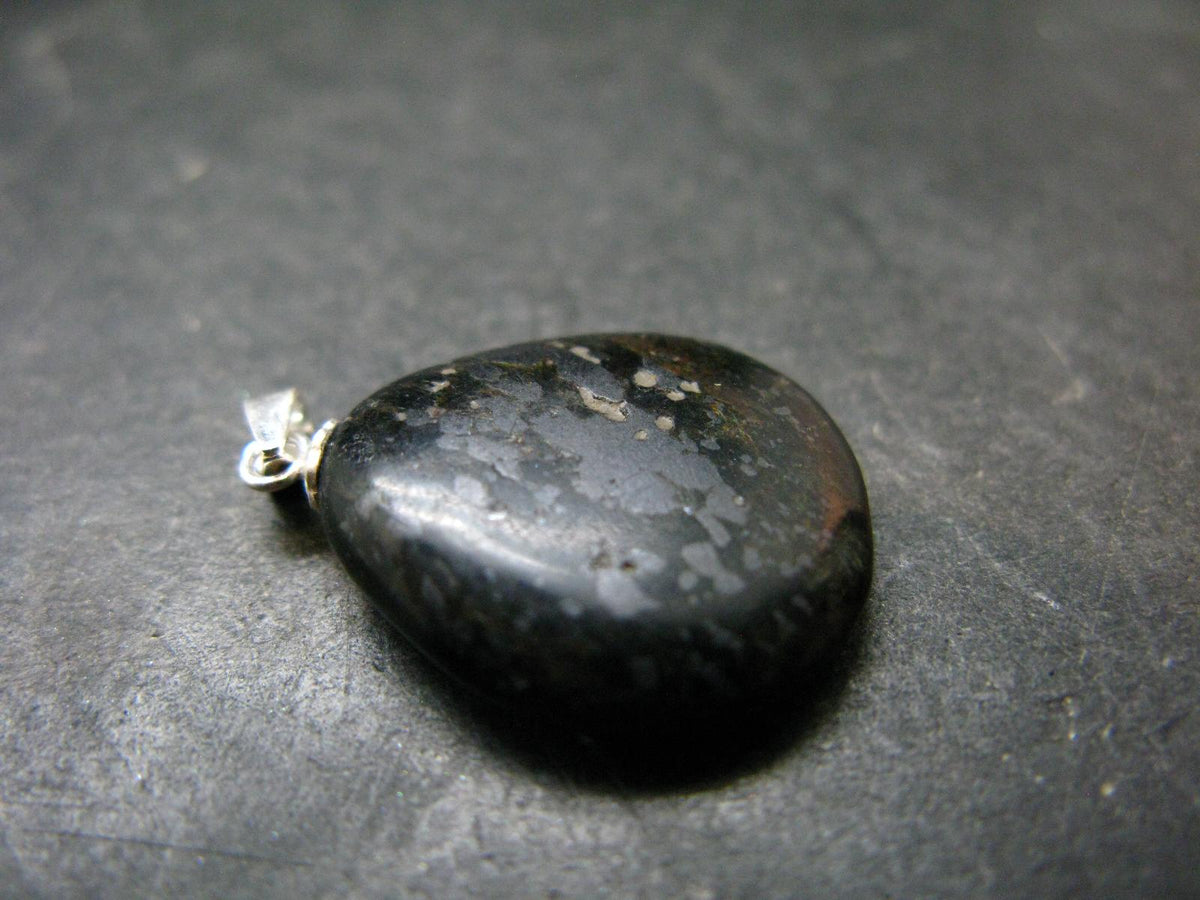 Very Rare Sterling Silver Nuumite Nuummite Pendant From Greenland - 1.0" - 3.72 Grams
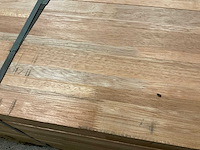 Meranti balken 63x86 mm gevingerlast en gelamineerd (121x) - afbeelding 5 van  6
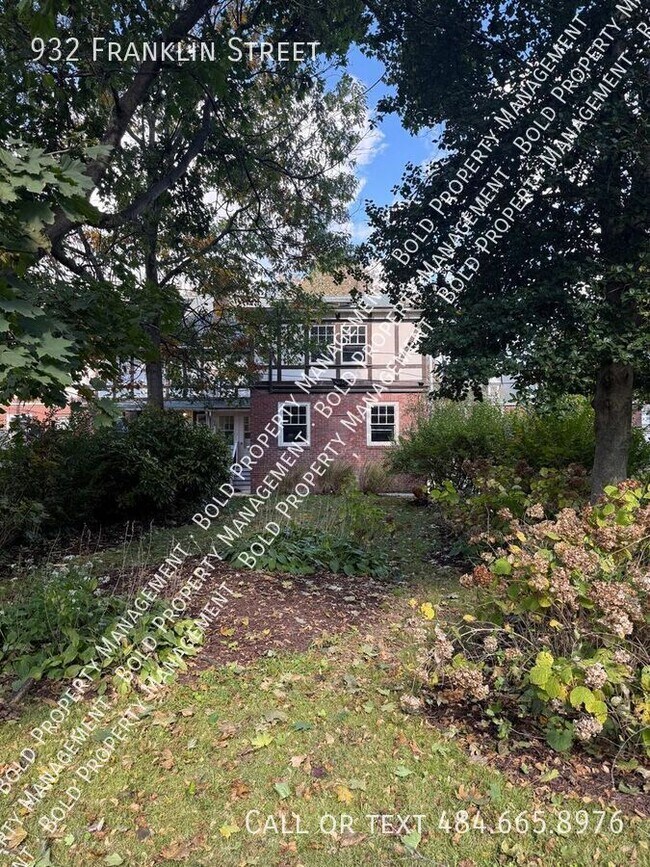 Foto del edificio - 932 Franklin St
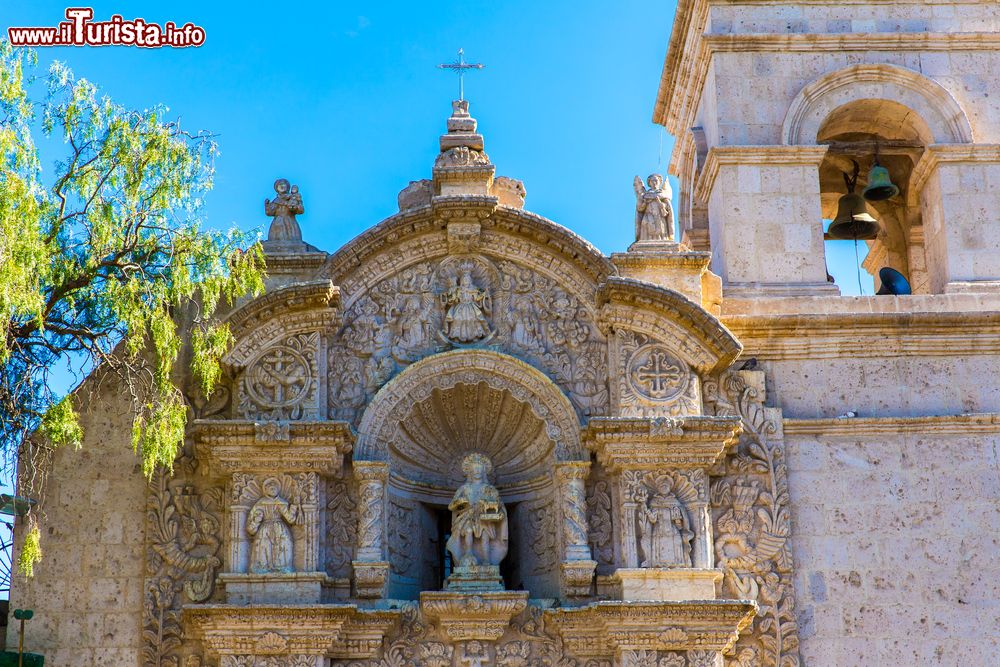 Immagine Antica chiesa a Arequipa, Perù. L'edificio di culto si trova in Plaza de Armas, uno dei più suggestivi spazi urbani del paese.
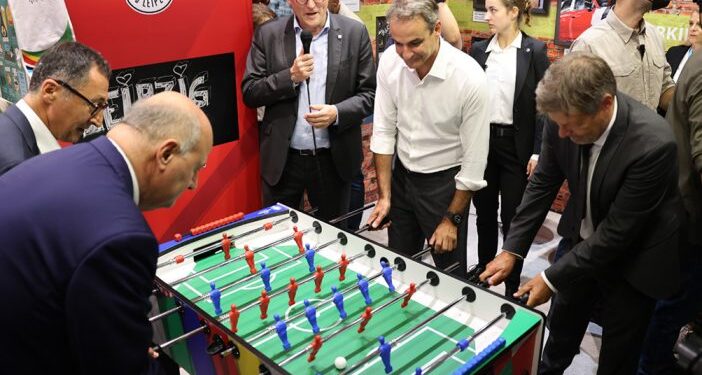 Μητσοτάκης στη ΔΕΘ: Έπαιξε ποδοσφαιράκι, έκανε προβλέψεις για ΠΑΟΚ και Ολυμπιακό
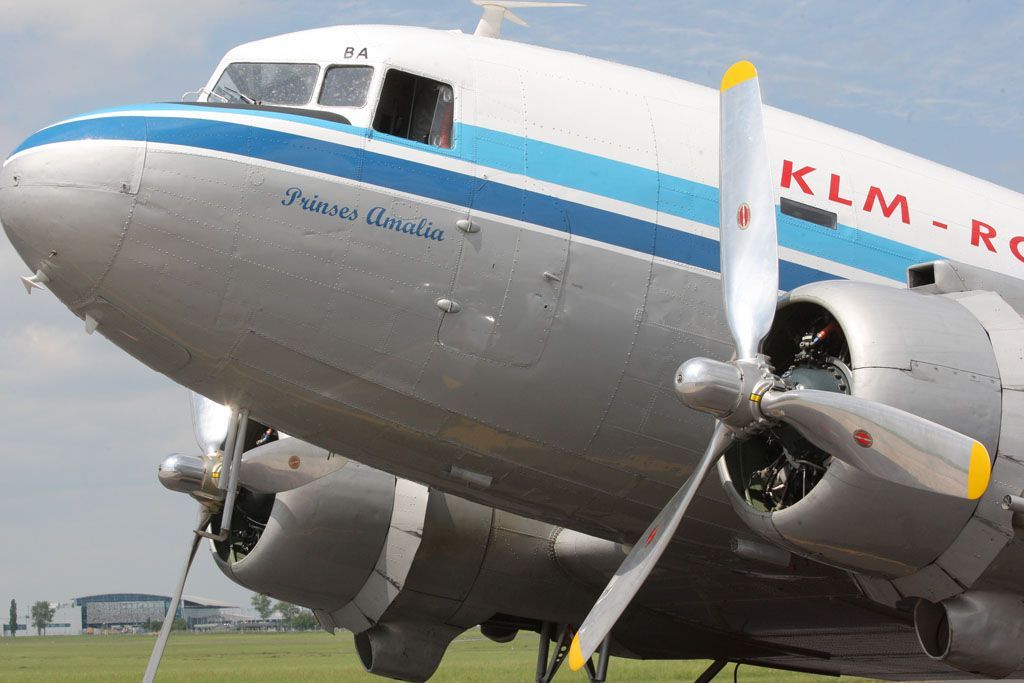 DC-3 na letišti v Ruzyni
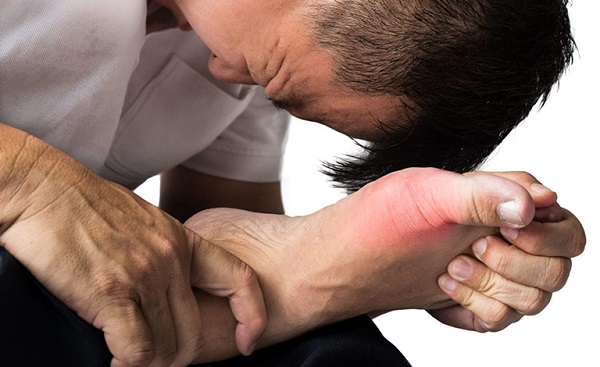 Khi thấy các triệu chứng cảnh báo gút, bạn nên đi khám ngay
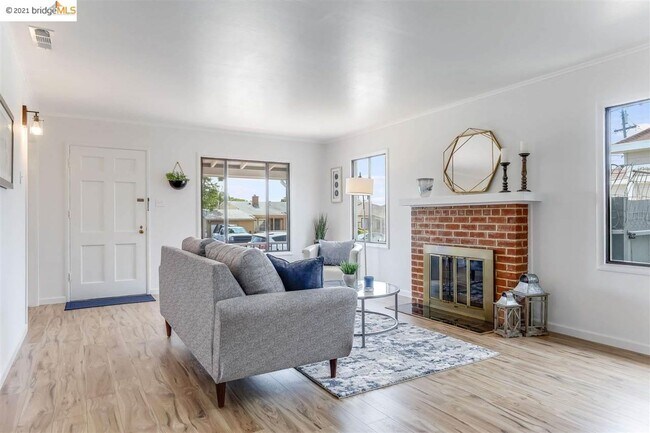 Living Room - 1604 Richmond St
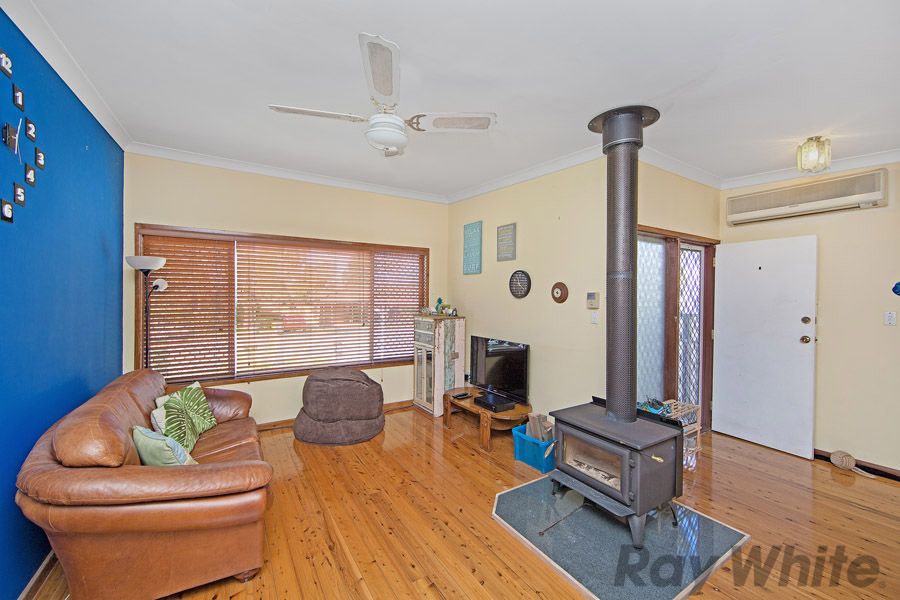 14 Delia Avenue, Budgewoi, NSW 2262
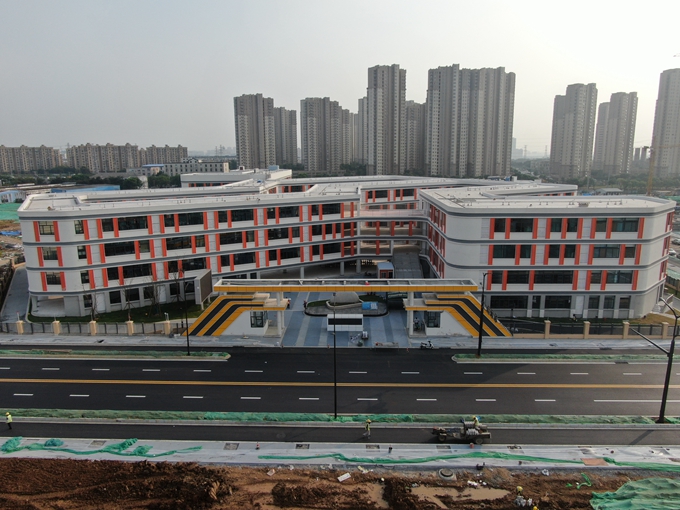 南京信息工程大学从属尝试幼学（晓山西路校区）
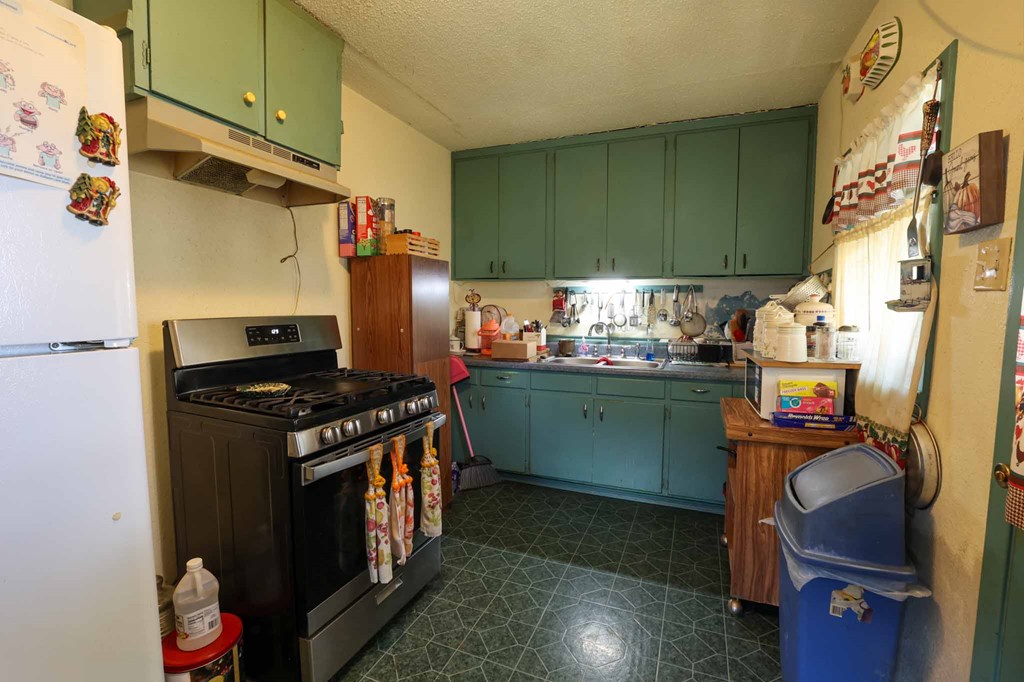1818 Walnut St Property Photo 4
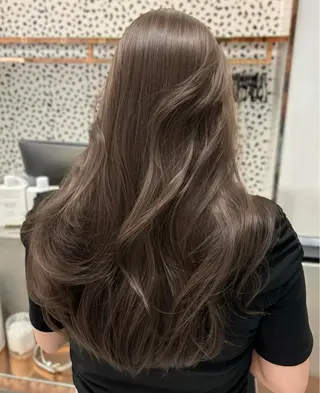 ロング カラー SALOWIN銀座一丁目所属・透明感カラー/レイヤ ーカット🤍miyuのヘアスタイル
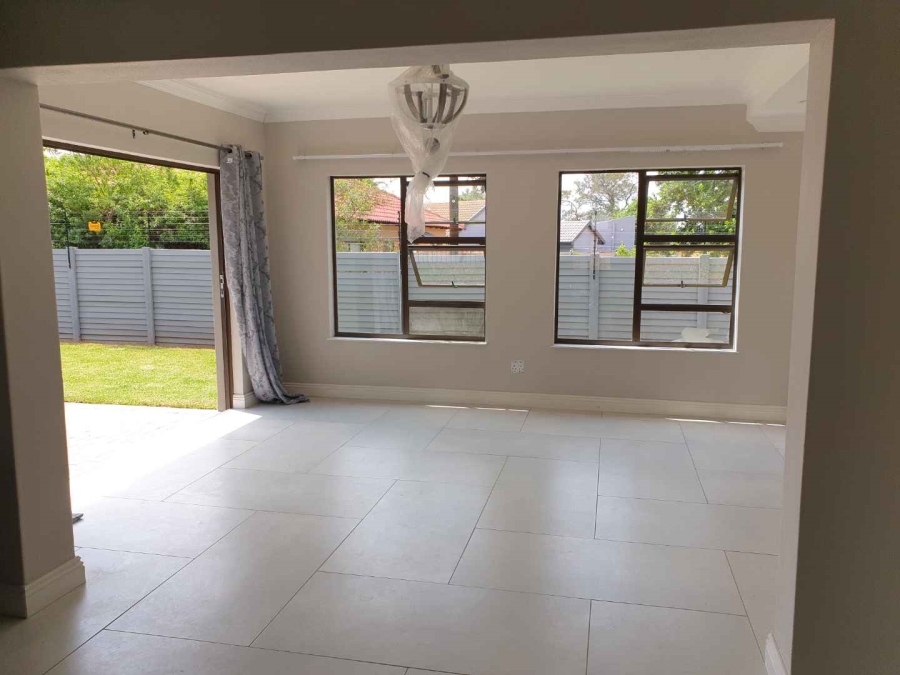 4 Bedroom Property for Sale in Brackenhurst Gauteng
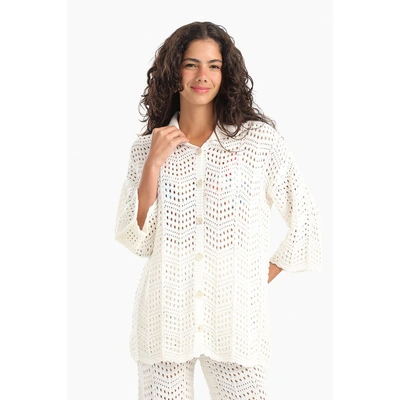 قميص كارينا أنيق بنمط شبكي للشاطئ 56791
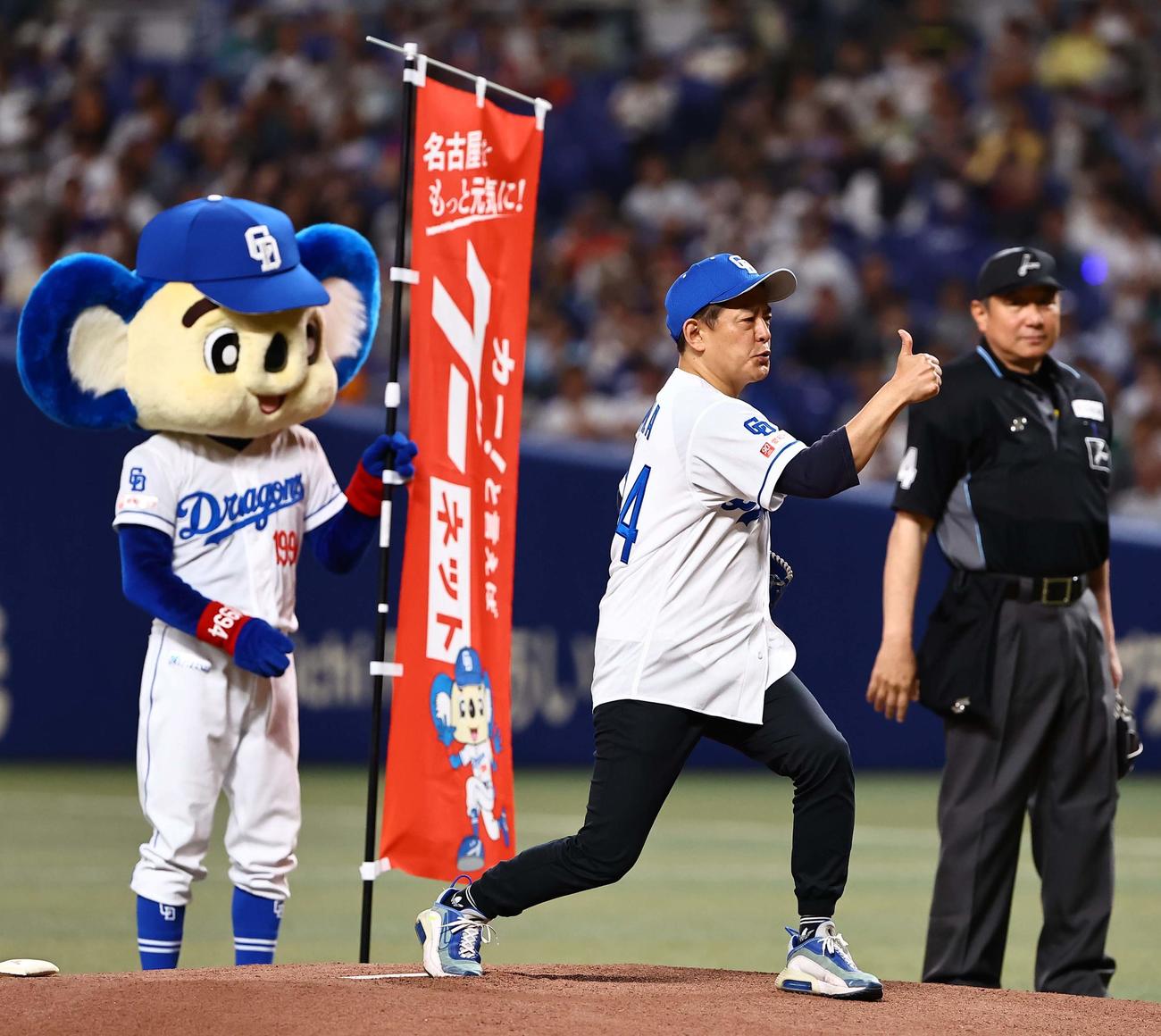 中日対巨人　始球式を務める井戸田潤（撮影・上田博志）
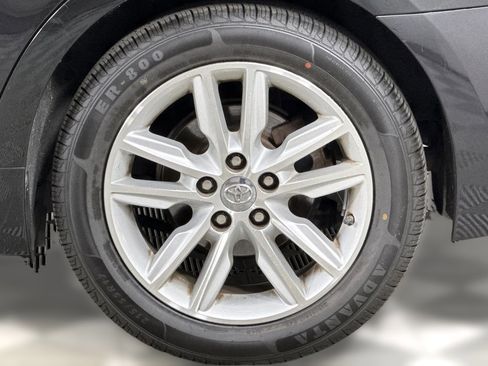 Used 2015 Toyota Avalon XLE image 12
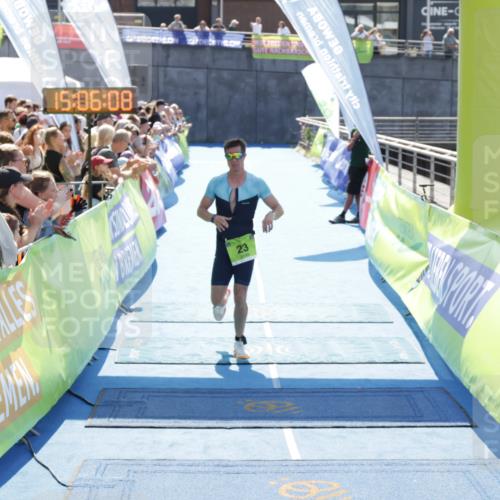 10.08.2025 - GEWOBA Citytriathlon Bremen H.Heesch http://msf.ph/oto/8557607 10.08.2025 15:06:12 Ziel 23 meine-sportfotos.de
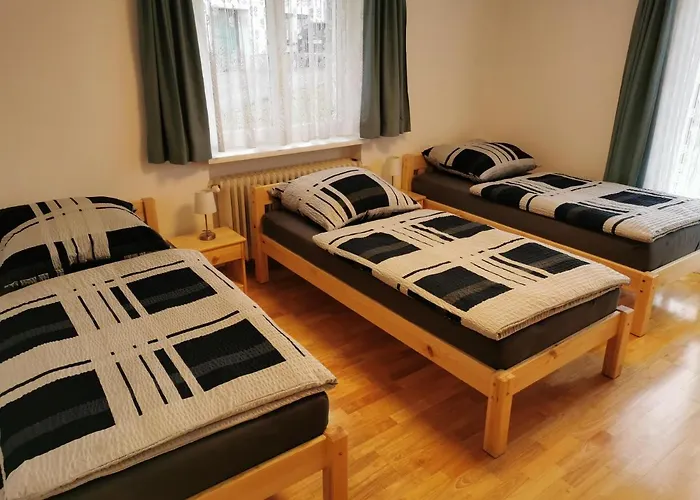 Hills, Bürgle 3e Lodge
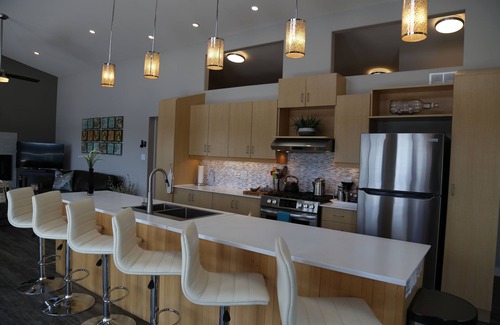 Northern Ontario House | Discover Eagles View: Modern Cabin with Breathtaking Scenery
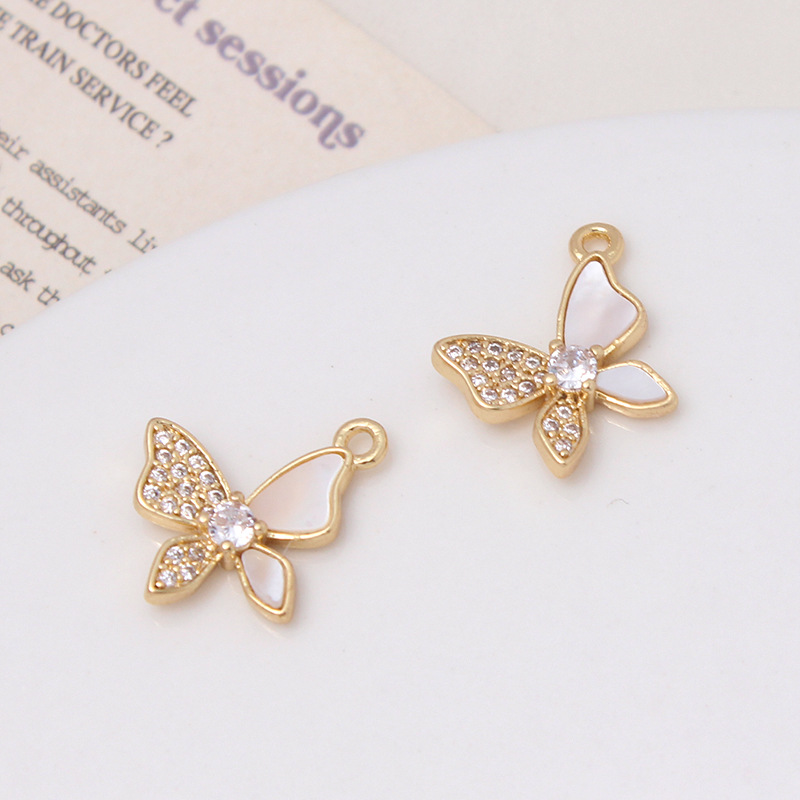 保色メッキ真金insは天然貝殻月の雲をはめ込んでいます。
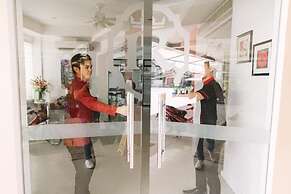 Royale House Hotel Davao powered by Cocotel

# # # # #

BRIEF: Could you transcribe exactly the lines from the one with "14 Delia Avenue, Budgewoi, NSW 2262" through the end of the data, both ends included, and nothing else, skipping the pictures?

SOLUTION BELOW:
 14 Delia Avenue, Budgewoi, NSW 2262
 南京信息工程大学从属尝试幼学（晓山西路校区）
1818 Walnut St Property Photo 4
 ロング カラー SALOWIN銀座一丁目所属・透明感カラー/レイヤ ーカット🤍miyuのヘアスタイル
 4 Bedroom Property for Sale in Brackenhurst Gauteng
 قميص كارينا أنيق بنمط شبكي للشاطئ 56791
 中日対巨人　始球式を務める井戸田潤（撮影・上田博志）
 Used 2015 Toyota Avalon XLE image 12
 10.08.2025 - GEWOBA Citytriathlon Bremen H.Heesch http://msf.ph/oto/8557607 10.08.2025 15:06:12 Ziel 23 meine-sportfotos.de
 Hills, Bürgle 3e Lodge
 Northern Ontario House | Discover Eagles View: Modern Cabin with Breathtaking Scenery
 保色メッキ真金insは天然貝殻月の雲をはめ込んでいます。
 Royale House Hotel Davao powered by Cocotel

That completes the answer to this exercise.